Only the text belongs in the answer: every line of the records below, transcribed exactly.
RECORDS TO USE: Begin
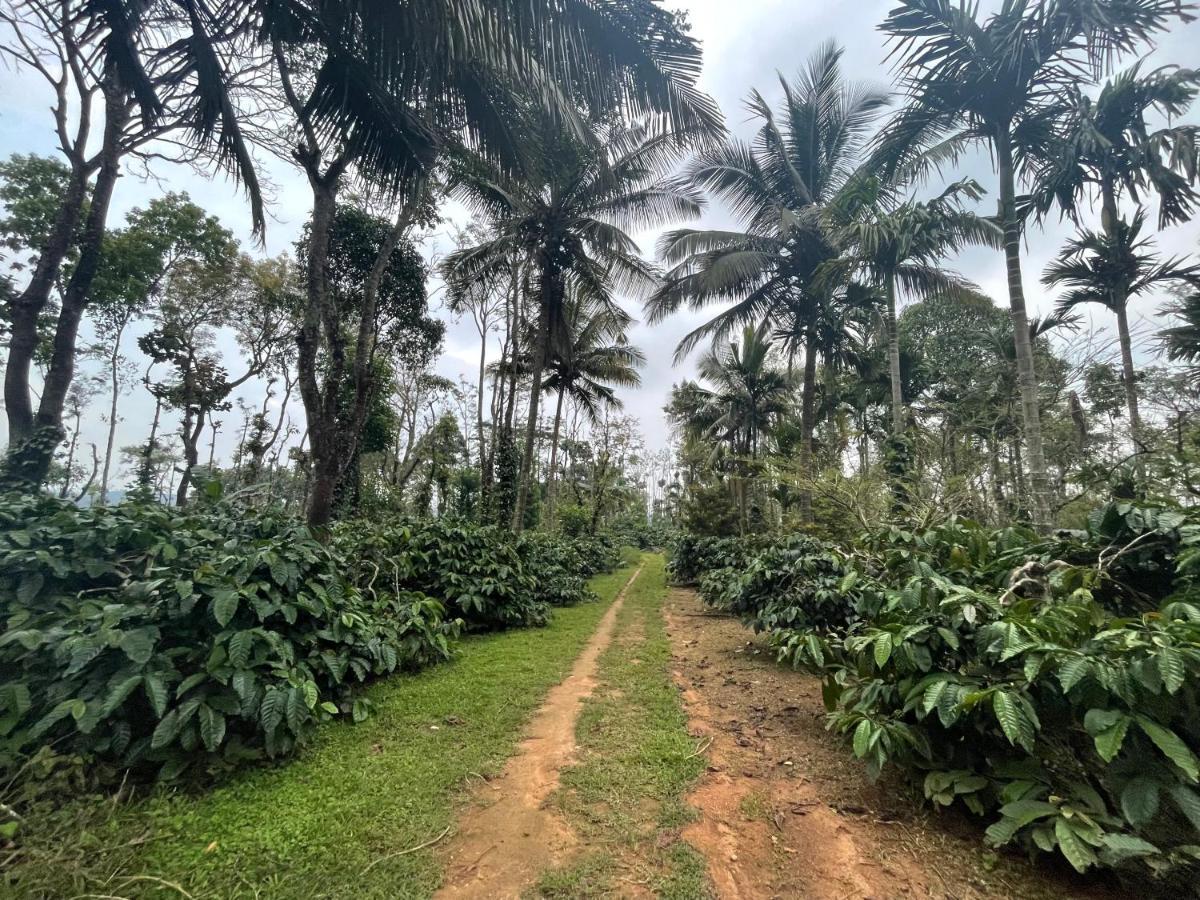New Organic Home Stay Mudigere المظهر الخارجي الصورة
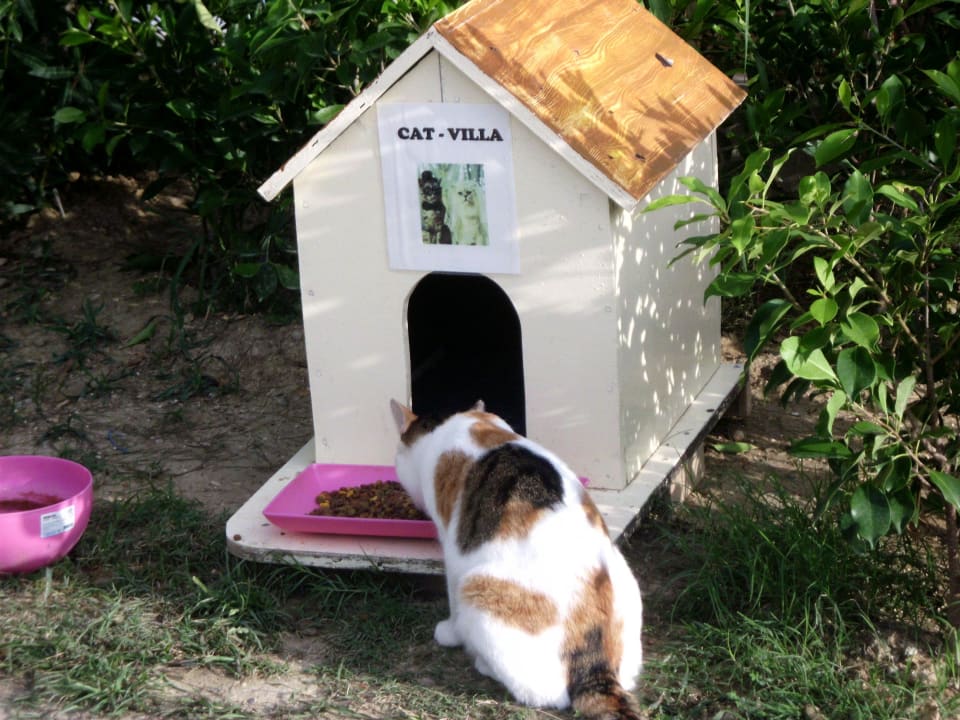 Katzenhaus   Sentido Trendy Verbena Beach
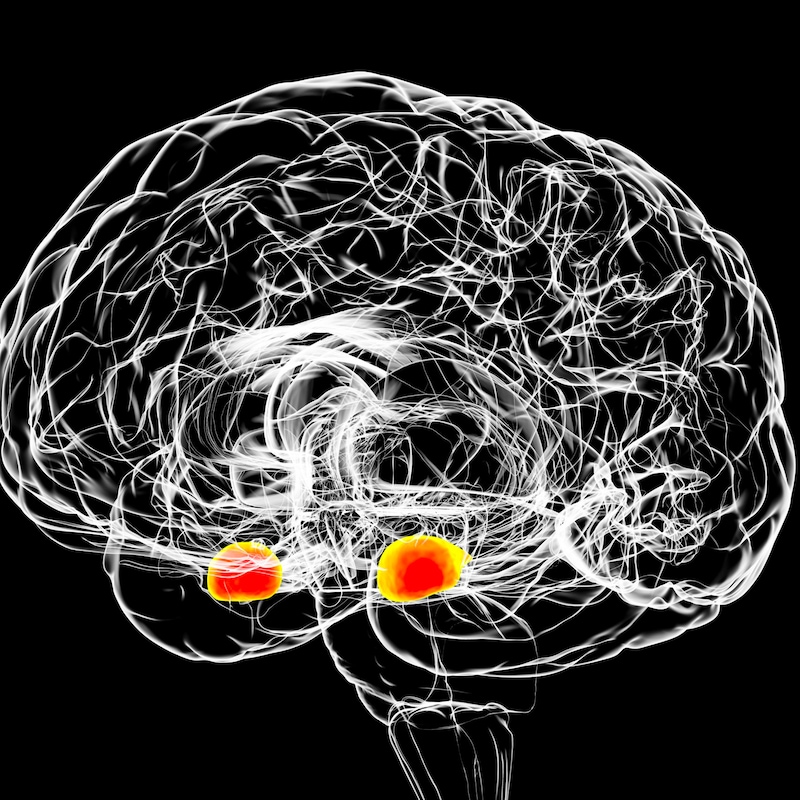 Artwork for podcast TheBigFatVoice Psicologia, Musica & Teatro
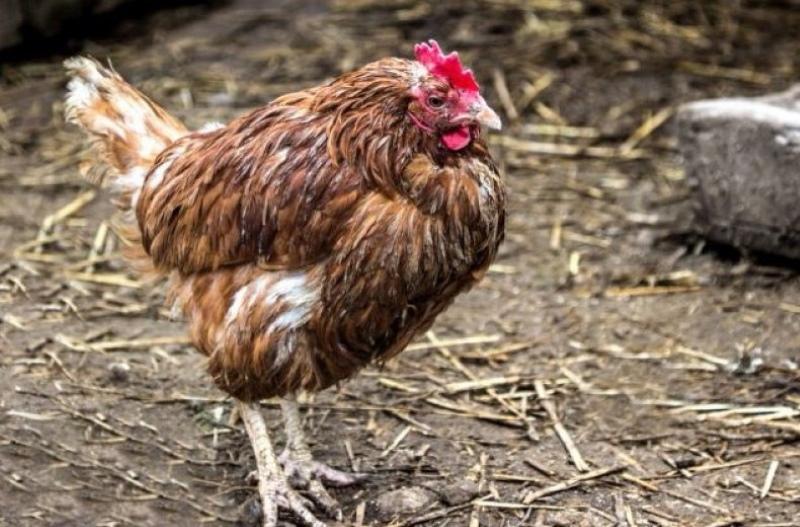 maladies du poulet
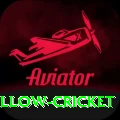 willow cricket Deluxe Pro v5.4.4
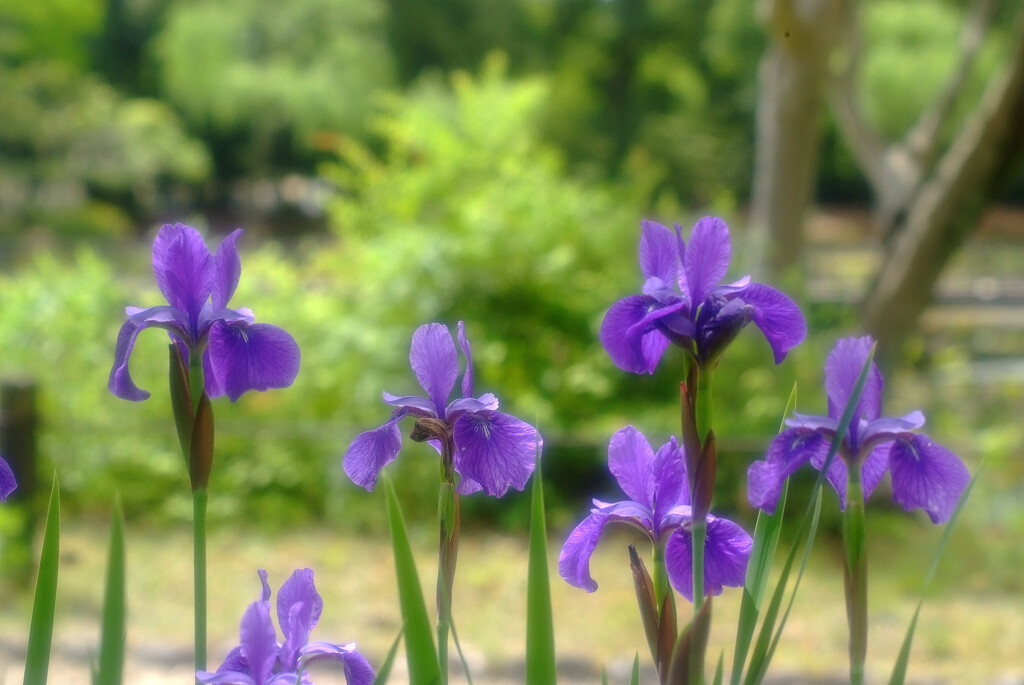 菖蒲月の朝✿華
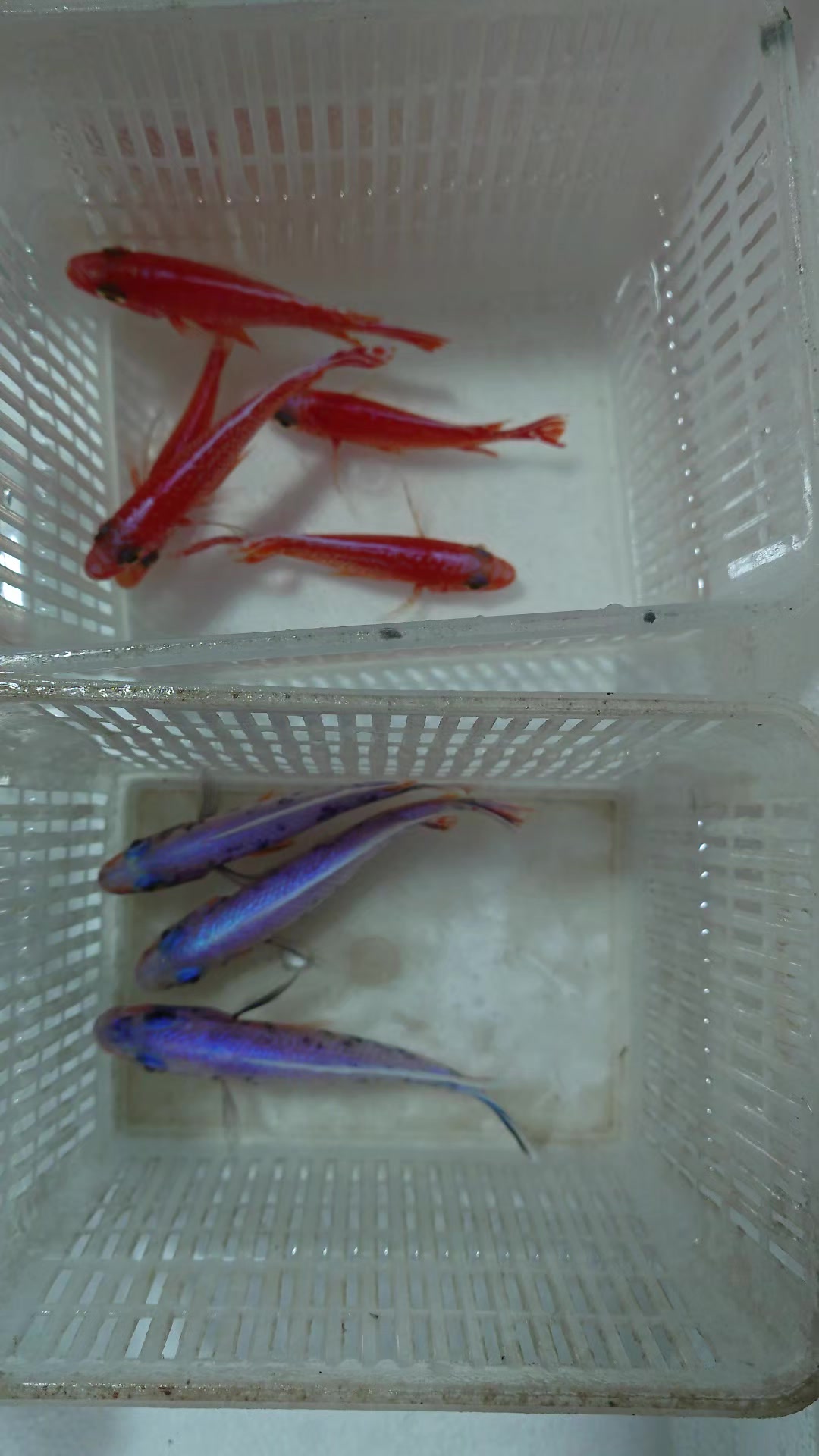 @Long life pet fish co. Ltd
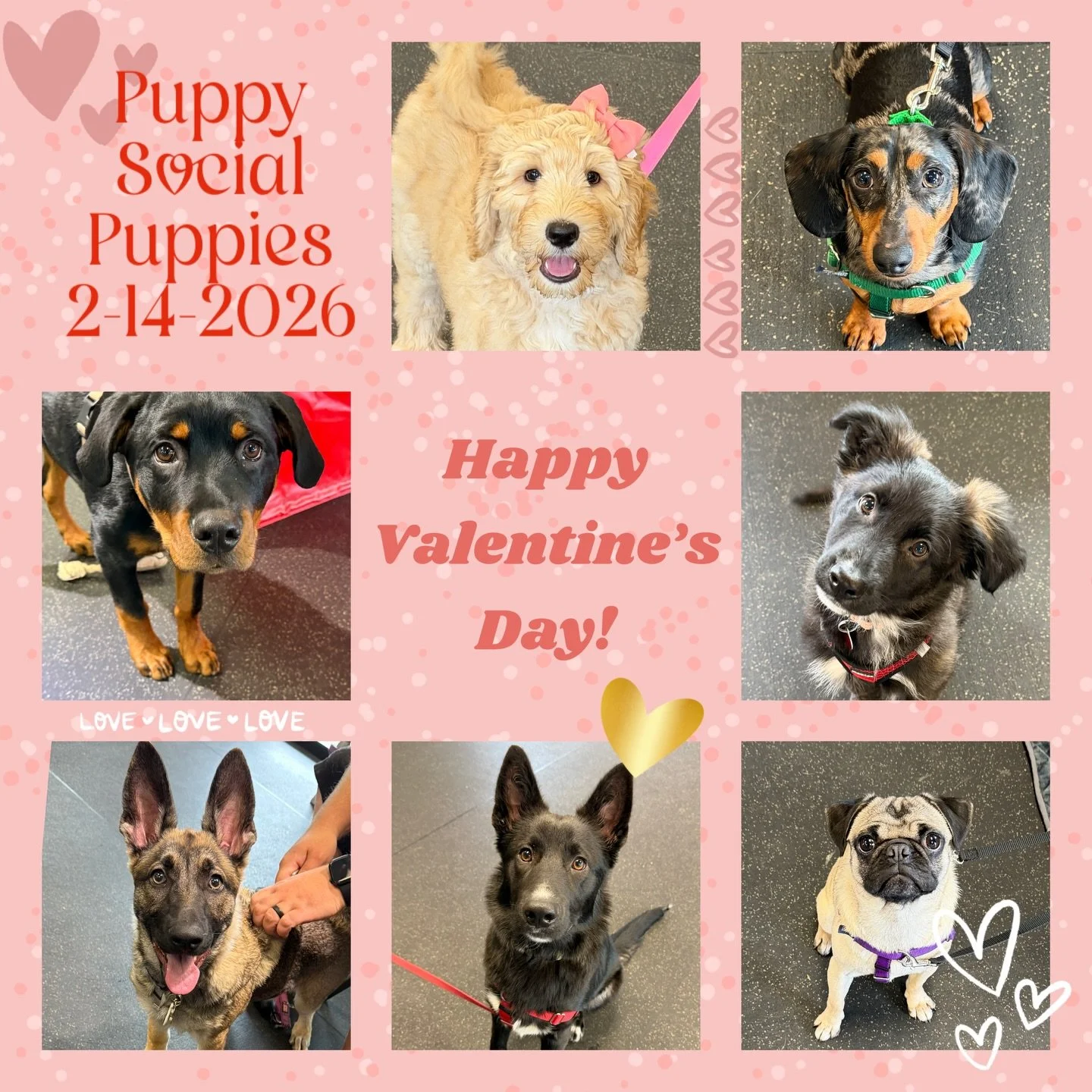 Happy Valentine&rsquo;s Day to all of you from all of us at The Canine Connection, including these adorable puppies who attended Puppy Social today! We hope your day has been filled with puppy love! 💕 🌷🌸🐾

#thecanineconnection #chicocanineconnect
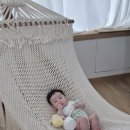 펄베이풀빌라 이미지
RECORDS TO USE: End
▸ SOLVED EXERCISE:
New Organic Home Stay Mudigere المظهر الخارجي الصورة
 Katzenhaus   Sentido Trendy Verbena Beach
 Artwork for podcast TheBigFatVoice Psicologia, Musica & Teatro
 maladies du poulet
 willow cricket Deluxe Pro v5.4.4
 菖蒲月の朝✿華
 @Long life pet fish co. Ltd
 Happy Valentine&rsquo;s Day to all of you from all of us at The Canine Connection, including these adorable puppies who attended Puppy Social today! We hope your day has been filled with puppy love! 💕 🌷🌸🐾

#thecanineconnection #chicocanineconnect
 펄베이풀빌라 이미지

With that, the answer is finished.